- Records for processing -
*** Begin section ***

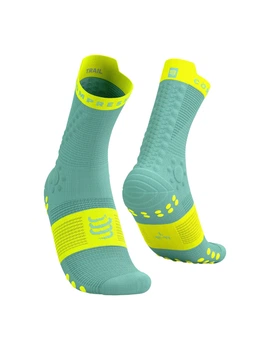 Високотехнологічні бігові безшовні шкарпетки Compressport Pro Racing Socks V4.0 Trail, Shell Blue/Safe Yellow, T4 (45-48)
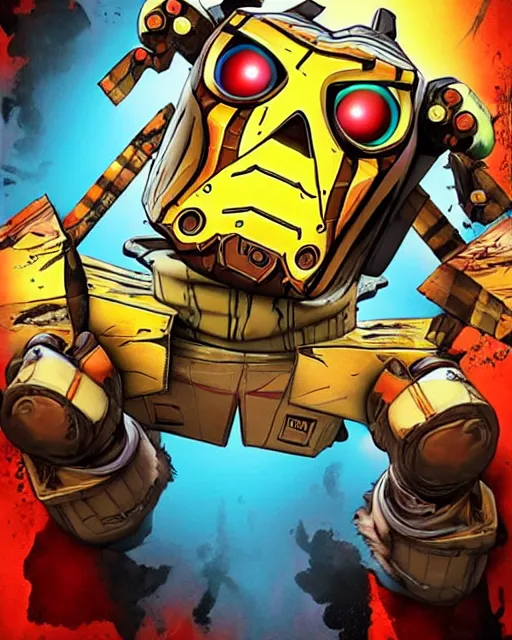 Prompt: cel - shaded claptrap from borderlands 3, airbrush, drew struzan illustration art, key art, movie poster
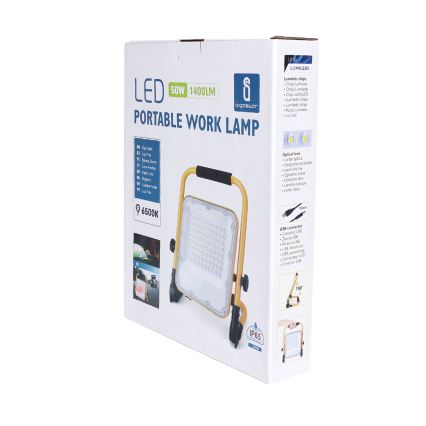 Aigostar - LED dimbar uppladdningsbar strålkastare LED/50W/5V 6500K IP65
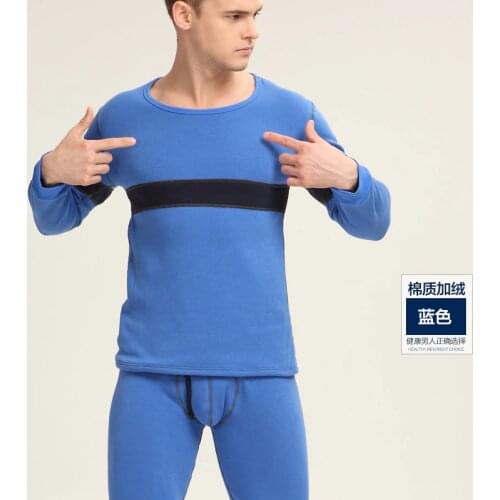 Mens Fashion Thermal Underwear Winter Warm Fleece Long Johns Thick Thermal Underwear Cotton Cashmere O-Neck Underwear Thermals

*** End section ***
*** Begin section ***

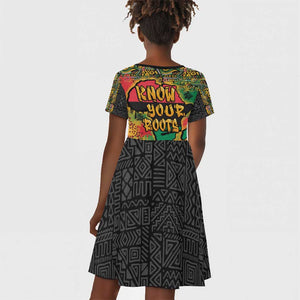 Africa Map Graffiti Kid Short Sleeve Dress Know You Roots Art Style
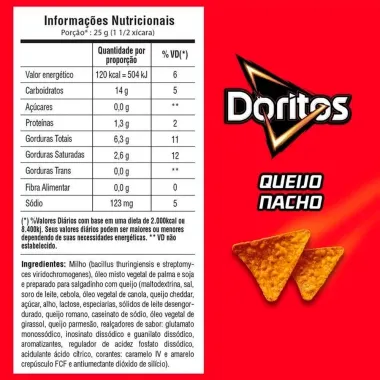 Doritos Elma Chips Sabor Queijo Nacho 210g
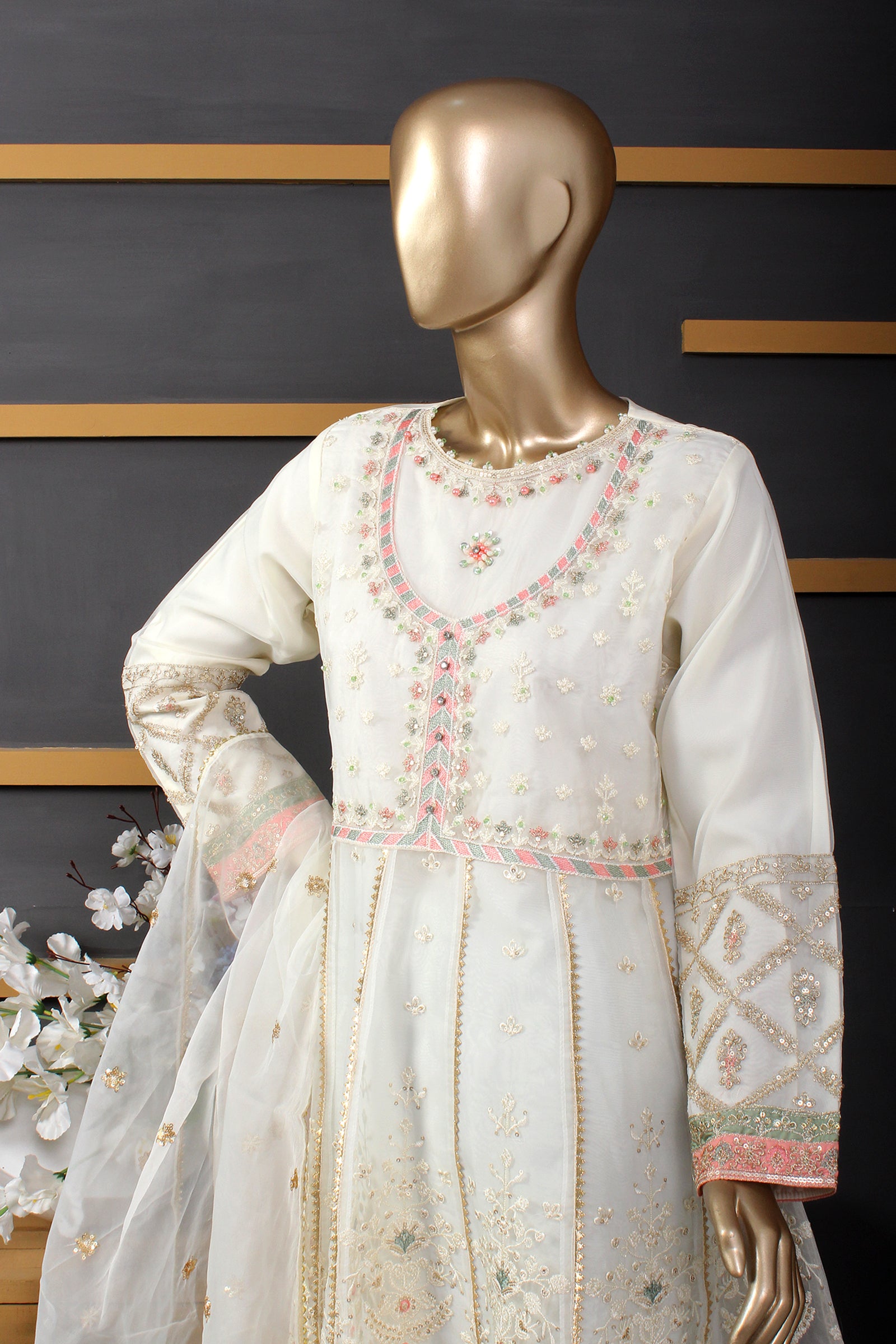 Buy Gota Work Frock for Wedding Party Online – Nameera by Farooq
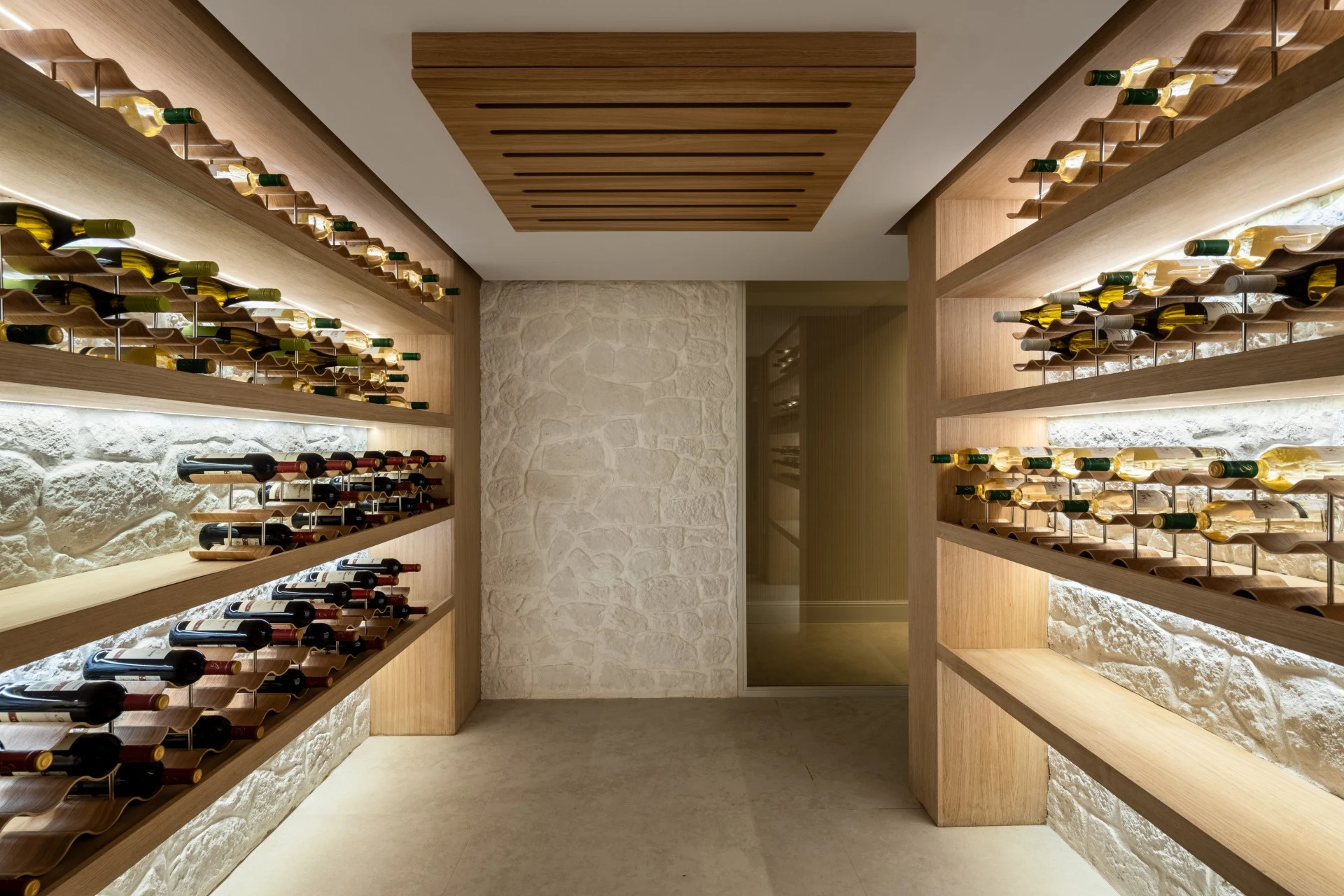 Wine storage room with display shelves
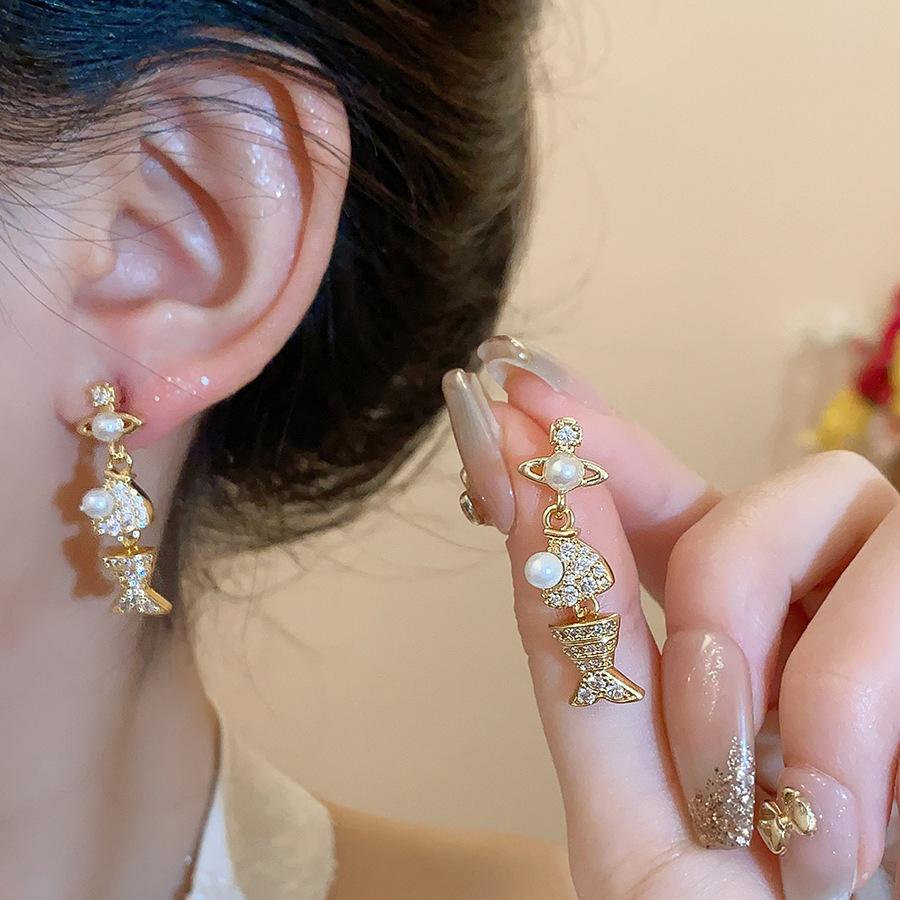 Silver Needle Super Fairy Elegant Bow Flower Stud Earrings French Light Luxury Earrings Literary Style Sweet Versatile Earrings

*** End section ***

- About this task -
Starting with the line above that holds "Aigostar - LED", restate each line word for word up to and including the line that holds "Mens Fashion Thermal". Drop the pictures.

- Response for this exercise -
 Aigostar - LED dimbar uppladdningsbar strålkastare LED/50W/5V 6500K IP65
 Mens Fashion Thermal Underwear Winter Warm Fleece Long Johns Thick Thermal Underwear Cotton Cashmere O-Neck Underwear Thermals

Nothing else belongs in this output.